La prima fase del progetto Bolognese si è sviluppato da gennaio a giugno del 1999, in cui sono stati realizzati laboratori dedicati alla Cultura materiale paletnologica (ricostruzione di oggetti preistorici e studio del loro funzionamento) e attività di sensibilizzazione sull’autosufficienza, ispirandosi a modelli ecologici preistorici e etnologici delle società di cacciatori raccoglitori3. In questa fase soprattutto si è insistito sul concetto del “problem solving”: con le materie naturali stimolare i bambini a risolvere piccoli problemi pratici da soli. Questa fase ha visto la divisione della classe 2C tra cacciatori e raccoglitori, da un punto di vista attitudinale4.
Le scelte degli alunni (per l’appartenenza ad uno dei due gruppi) non sempre hanno coinciso con le propensioni iniziali dei singoli, rivelate da test pratici. La differenza tra le due specialità ha avuto modo di emergere attraverso prove pratiche e psicologiche.
Il “clan” così formato ha organizzato all’interno ruoli specifici, presupposto a vere e proprie successive richieste di specializzazione.

L’attività consisteva in una giornata alla settimana trascorsa nel parco della scuola e attività in classe, che spaziava tra riflessioni scritte degli alunni (sul lavoro svolto), sull’attività artistica (documentale per le esperienze) e su esercizi di manualità (lavoro dell’argilla e della pelle) attuabile in spazi chiusi. Tale attività era preparatoria alla gestione del gruppo all’aperto (il vero momento applicativo) che veniva tematizzato volta per volta. Nota caratteristica è che l’argomento “uomo primitivo” legato alla scala temporale e alla collocazione culturale nel corso degli eventi evolutivi (come normalmente viene presentato nella scuola, non solo primaria) NON veniva era l’argomento base, se non dietro specifiche richieste degli alunni, a cui non si dava troppo peso da parte degli insegnanti. La curiosità generata nei bambini era fortissima, ma si alimentava grazie ad un processo autoindotto basato su ritmi individuali. In definitiva, era un grande gioco di ruolo senza la necessità di essere inquadrato in uno schema, una sorta di elaborazione che puntava allo stimolo diretto e all’esperienza.

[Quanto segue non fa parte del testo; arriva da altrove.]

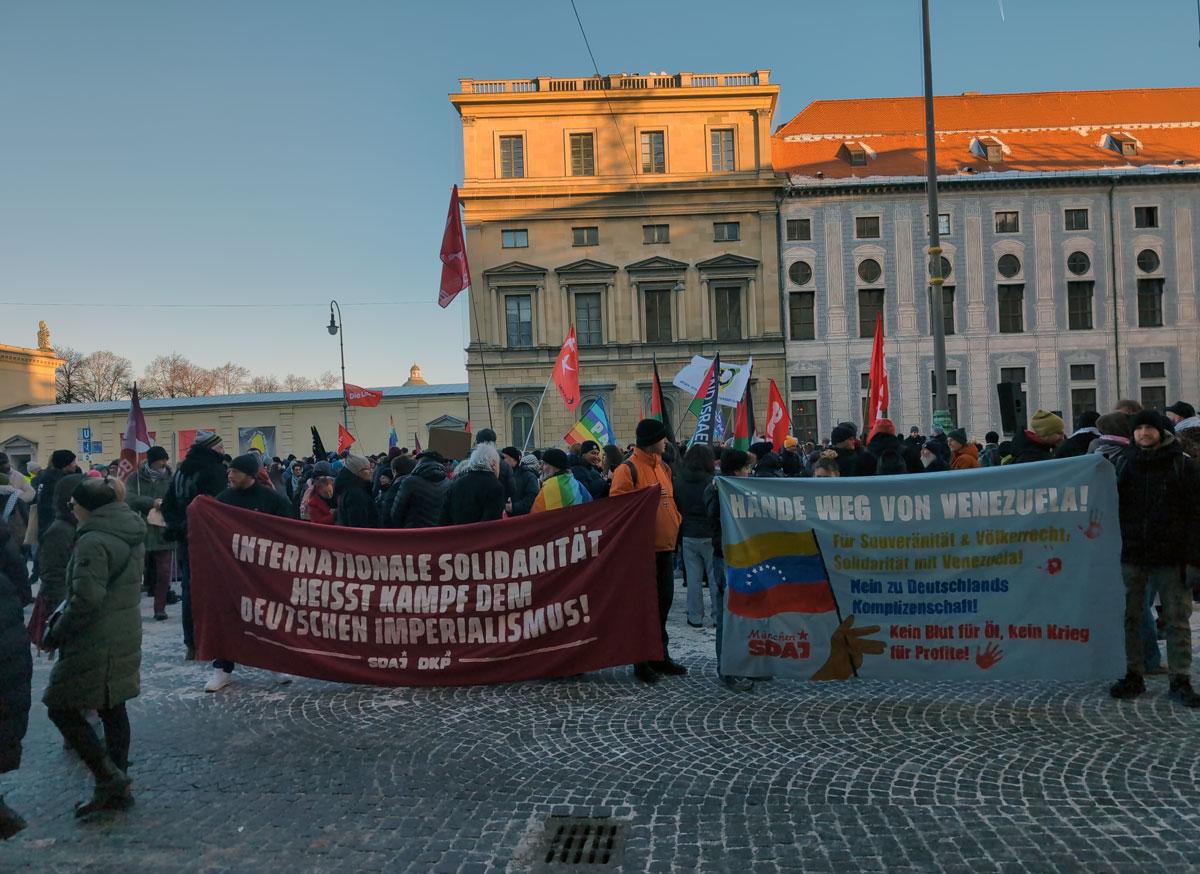 IMG 20260104 151830 525 - Spontane Solidarität - Berlin, DKP, Essen, Gießen, Hamburg, München, Stuttgart, US-Angriff auf Venezuela, Venezuela - Blog, Aktion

La seconda fase ha riguardato l’anno successivo: la stessa classe (3c) progettò e realizzò un vero e proprio villaggio. La realizzazione e implementazione dell’accampamento (costituito inizialmente da un’area circoscritta da pietre e legni che delimitavano le varie zone specializzate per la realizzazione di manufatti) fu l’evento che accompagnò i ragazzi di terza per tutto l’anno scolastico. Lo spazio scelto venne progressivamente occupato da capanne e ripari. La delimitazione degli spazi venne lasciata alla progettualità individuale (prima concorsi di idee e travagliatissimi brain storming tra i bambini) inizialmente influenzata da immagini e nozioni apprese da libri e documentari, poi ordinata da ragionamenti utilitaristici, pratici nella loro essenza e governati da concetti quali la semplicità e la possibilità di spostare con la minor fatica le strutture in altri “territori di caccia”. Questo concetto di nomadismo venne simulato grazie ad una distribuzione delle risorse preordinata dagli organizzatori (la selvaggina era contingentata simbolicamente da un numero indicativo, ma finito di prede… simulate da realizzazioni 3d semplici ma evocative 5) come pure le risorse vegetali edibili6. Questo permise l’affermazione di tre dei “punti fissi” cognitivi del progetto (l’orientamento nel territorio, l’adattamento alle risorse e l’economia del non-spreco) che divennero acquisiti con facilità. Venne realizzato un forno a camera per l’argilla (e l’ingegneria del progetto fu tutta opera loro) e altre strutture per la vita comune nell’accampamento.

Durante il quarto anno si è avviata la terza fase: si specializzarono le attività creative, nacquero i “professionisti” (i bambini fecero emergere le loro vocazioni in modo esplicito richiedendo approfondimenti) e alcuni di essi divennero insegnanti (nelle loro materie) per altre classi di bambini più piccoli che si erano avvicinati al progetto (in questa fase vene coinvolta anche una scuola materna). Il loro approccio al ruolo di “anziani” dell’accampamento fu naturale e automatico.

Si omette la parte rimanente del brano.